» **Problem requirements**
Repeat the data verbatim, images excluded.
** Data block follows **
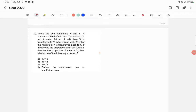There are two containers X and Y. X contains 100 ml of milk and Y contains 100 ml of water. 20 ml of milk from X is transferred to Y. After mixing well, 20 ml of mixture Y is transferred back to X. If M denotes the proportion of milk in X and N denotes the proportion of water in Y, then which one of the following is correct?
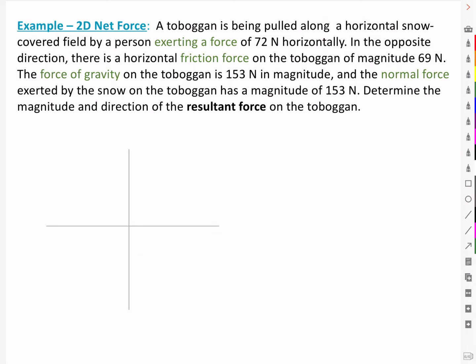Here's an applied version of that. A toboggan is being pulled along a horizontal snow-covered field by a person exerting a force of 72 newtons horizontally. In the opposite direction, there is a horizontal friction force on the toboggan of magnitude 69 newtons. The force of gravity on the toboggan is 153 newtons in magnitude and the normal force exerted by the snow on the toboggan has a magnitude of 153 newtons. Determine the magnitude and direction of the resultant force on the toboggan.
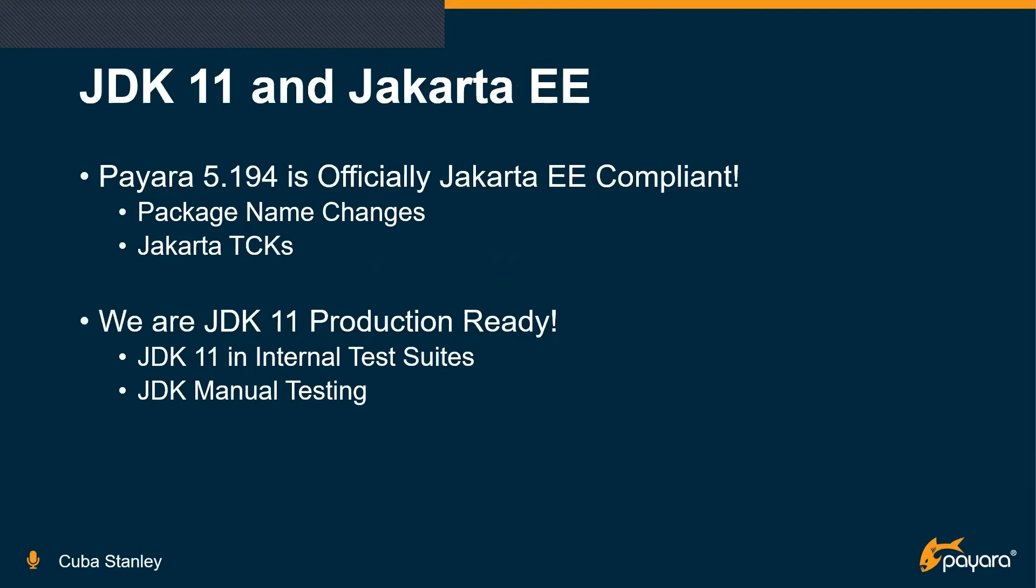So talking about JDK11 and Jakarta EE, Payara 5.194 is officially Jakarta EE compliant. Our first compliancy came in with 5.193.1, and we are continuing to be compliant with this latest release. It is Payara Server Full, which is compliant with the TCKs and the one that we run against the TCKs. We are also happy to announce that we are completely JDK11 production ready. We've spent a lot of time over the past three months doing a lot of testing and optimization to ensure that JDK11 is stable and will work as expected in production environment. It is also the case that the TCK passes against JDK11 as well. So things are all good and golden and compliant across the board with regards to JDK11 and the Jakarta EE TCKs.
** End of Data block **
» **Your response**
There are two containers X and Y. X contains 100 ml of milk and Y contains 100 ml of water. 20 ml of milk from X is transferred to Y. After mixing well, 20 ml of mixture Y is transferred back to X. If M denotes the proportion of milk in X and N denotes the proportion of water in Y, then which one of the following is correct?
Here's an applied version of that. A toboggan is being pulled along a horizontal snow-covered field by a person exerting a force of 72 newtons horizontally. In the opposite direction, there is a horizontal friction force on the toboggan of magnitude 69 newtons. The force of gravity on the toboggan is 153 newtons in magnitude and the normal force exerted by the snow on the toboggan has a magnitude of 153 newtons. Determine the magnitude and direction of the resultant force on the toboggan.
So talking about JDK11 and Jakarta EE, Payara 5.194 is officially Jakarta EE compliant. Our first compliancy came in with 5.193.1, and we are continuing to be compliant with this latest release. It is Payara Server Full, which is compliant with the TCKs and the one that we run against the TCKs. We are also happy to announce that we are completely JDK11 production ready. We've spent a lot of time over the past three months doing a lot of testing and optimization to ensure that JDK11 is stable and will work as expected in production environment. It is also the case that the TCK passes against JDK11 as well. So things are all good and golden and compliant across the board with regards to JDK11 and the Jakarta EE TCKs.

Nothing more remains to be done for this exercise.